7.0 KiB

The SubX documentation describes SubX notation with some details hidden behind syntax sugar -- local rewrite rules that make programming in SubX less error-prone. However, much low-level SubX (before the syntax sugar is implemented) is written without syntax sugar. This document describes some details of the syntax sugar: how the reg/mem operand is translated into arguments.

How x86 instructions compute operands

The Intel processor manual is the final source of truth on the x86 instruction set, but it can be forbidding to make sense of, so here's a quick orientation. You will need familiarity with binary numbers, and maybe a few other things. Email me any time if something isn't clear. I love explaining this stuff for as long as it takes. The bad news is that it takes some getting used to. The good news is that internalizing the next 500 words will give you a significantly deeper understanding of your computer.

The reg/mem operand can be specified by 1-7 arguments, each ranging in size from 2 bits to 4 bytes. The key argument that's always present for reg/mem operands is /mod, the addressing mode. This is a 2-bit argument that can take 4 possible values, and it determines what other arguments are required, and how to interpret them.

  • If /mod is 3: the operand is in the register described by the 3-bit /rm32 argument.

  • If /mod is 0: the operand is in the address provided in the register described by /rm32. That's *rm32 in C syntax.

  • If /mod is 1: the operand is in the address provided by adding the register in /rm32 with the (1-byte) displacement. That's *(rm32 + /disp8) in C syntax.
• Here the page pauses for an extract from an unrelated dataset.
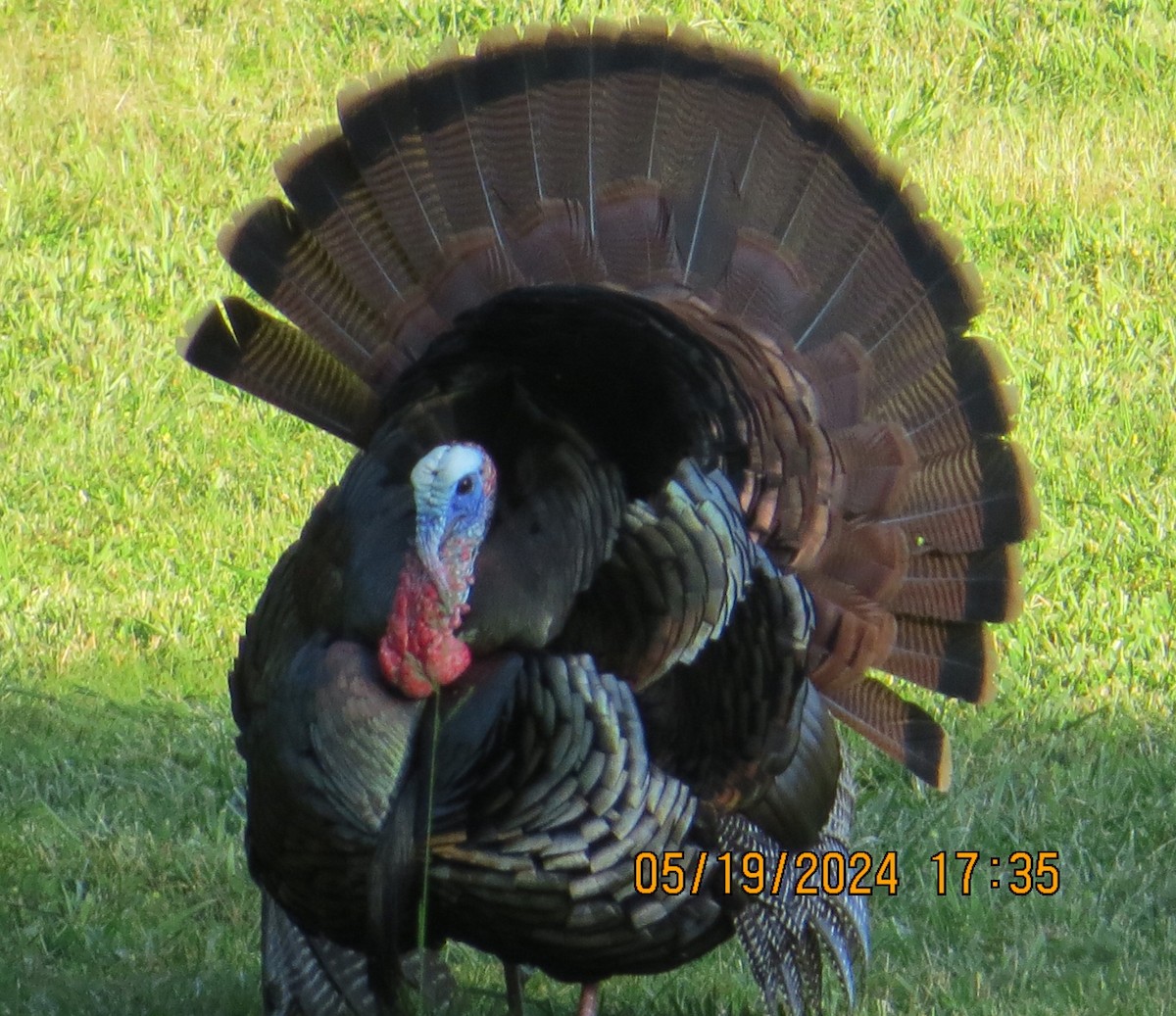 Wild Turkey - ML619337975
  • If /mod is 2: the operand is in the address provided by adding the register in /rm32 with the (4-byte) displacement. That's *(/rm32 + /disp32) in C syntax.

In the last three cases, one exception occurs when the /rm32 argument contains 4. Rather than encoding register esp, it means the address is provided by three whole new arguments (/base, /index and /scale) in a totally different way (where << is the left-shift operator):

reg/mem = *(base + (index << scale))

(There are a couple more exceptions ☹; see Table 2-2 and Table 2-3 of the Intel manual for the complete story.)

Phew, that was a lot to take in. Some examples to work through as you reread and digest it:

  1. To read directly from the eax register, /mod must be 3 (direct mode), and /rm32 must be 0. There must be no /base, /index or /scale arguments.

  2. To read from *eax (in C syntax), /mod must be 0 (indirect mode), and the /rm32 argument must be 0. There must be no /base, /index or /scale arguments (Intel calls the trio the 'SIB byte'.).

  3. To read from *(eax+4), /mod must be 1 (indirect + disp8 mode), /rm32 must be 0, there must be no SIB byte, and there must be a single displacement byte containing 4.

  4. To read from *(eax+ecx+4), one approach would be to set /mod to 1 as above, /rm32 to 4 (SIB byte next), /base to 0, /index to 1 (ecx) and a single displacement byte to 4. (What should the scale bits be? Can you think of another approach?)

  5. To read from *(eax+ecx+1000), one approach would be:

    • /mod: 2 (indirect + disp32)
    • /rm32: 4 (/base, /index and /scale arguments required)
    • /base: 0 (eax)
    • /index: 1 (ecx)
    • /disp32: 4 bytes containing 1000

Putting it all together

Here's an example showing these arguments at work:


This program sums the first 10 natural numbers. By convention I use horizontal tabstops to help read instructions, dots to help follow the long lines, comments before groups of instructions to describe their high-level purpose, and comments at the end of complex instructions to state the low-level operation they perform. Numbers are always in hexadecimal (base 16) and must start with a digit ('0'..'9'); use the '0x' prefix when a number starts with a letter ('a'..'f'). I tend to also include it as a reminder when numbers look like decimal numbers.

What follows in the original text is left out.